Yesterday morning I woke up excited to start the day! The Lord had given me another wonderful opportunity to serve my family. First thing, I padded into the kitchen to check on the grape jelly I had canned the evening before. Hmm. Something looked funny. While the jelly I put directly in the refrigerator had set, the jelly I had processed in the canner had not. What was that about?
I started to research possible solutions to my problem, and decided to cool the jelly to see if that would help it gel. Afterwards, I collected ripe cherry tomatoes from my garden to hopefully make into tomato sauce.
I completely realize that cherry tomatoes aren’t the best choice to use when making sauce! But I had mixed them into my sauces last year, and I thought they would be alright.
Perhaps you know where I’m going with this. I roasted the tomatoes and then tried to blend them up. Ugh, they totally were not the consistency I was going for! Since they were going into chili, I dumped them in anyway, but I was terribly disappointed.
My husband called me later that afternoon and asked how my day was going. “I’m a failure,” I moaned. “How will I ever learn how to make difficult things from scratch if I’m failing at the easy stuff?”
Of course my husband told me that I was not a failure. These kinds of things happen to everyone. I believed him. Sort of. My morning just felt like a total waste of time with two failings back to back.
Later on, I was able to take a step back and realize that everything was going to be okay. Even though a couple of things didn’t turn out the way I had hoped in the kitchen, I needed to keep going.
My family needs me to learn these things. I was never taught to cook as a child, and have always been terribly afraid of it. Well, maybe not afraid of it, but afraid of failure. I mastered easy meals awhile ago, but within the last two years I’ve been trying things like sourdough bread and goat cheese. This has intimidated me!
But I think that both I and my children need to learn how to do this. For our family now, and for their families later. If I don’t learn and teach them, who will?
If we are diligent, eventually we will succeed!

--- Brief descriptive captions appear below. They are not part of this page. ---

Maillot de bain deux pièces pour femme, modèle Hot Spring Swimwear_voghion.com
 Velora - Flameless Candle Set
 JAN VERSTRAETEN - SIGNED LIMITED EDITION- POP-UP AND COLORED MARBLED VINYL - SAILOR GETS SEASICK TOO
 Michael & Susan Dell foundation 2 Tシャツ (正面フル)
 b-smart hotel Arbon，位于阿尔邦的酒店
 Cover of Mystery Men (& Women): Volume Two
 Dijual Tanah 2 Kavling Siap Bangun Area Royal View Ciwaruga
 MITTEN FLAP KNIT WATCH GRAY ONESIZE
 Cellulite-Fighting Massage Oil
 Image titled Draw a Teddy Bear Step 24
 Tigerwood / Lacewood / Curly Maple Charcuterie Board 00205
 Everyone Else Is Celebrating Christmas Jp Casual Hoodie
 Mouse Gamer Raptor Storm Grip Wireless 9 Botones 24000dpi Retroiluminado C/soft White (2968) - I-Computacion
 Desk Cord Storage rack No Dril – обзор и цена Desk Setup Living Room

The plans of the diligent lead surely to abundance, but everyone who is hasty comes to poverty.
Proverbs 21:5
So today I decided to keep going. After verifying that my garlic had properly cured, I put it up for the year. I made a loaf of sourdough bread, as well as a complete dress for myself for the very first time. Yes! These few wins boosted my confidence.
Friends, let’s keep going even when we get it wrong. Learning to live simply and do things for yourself is hard! We won’t always get things right, and that’s okay. I think that sometimes we learn more by failing than by succeeding.
I hope everything is going well with you, and that your homemaking efforts improve each day! Thank you so much for stopping by my blog. Let’s continue to do well and keep learning how to serve our families better!
And let us not grow weary of doing good, for in due season we will reap, if we do not give up.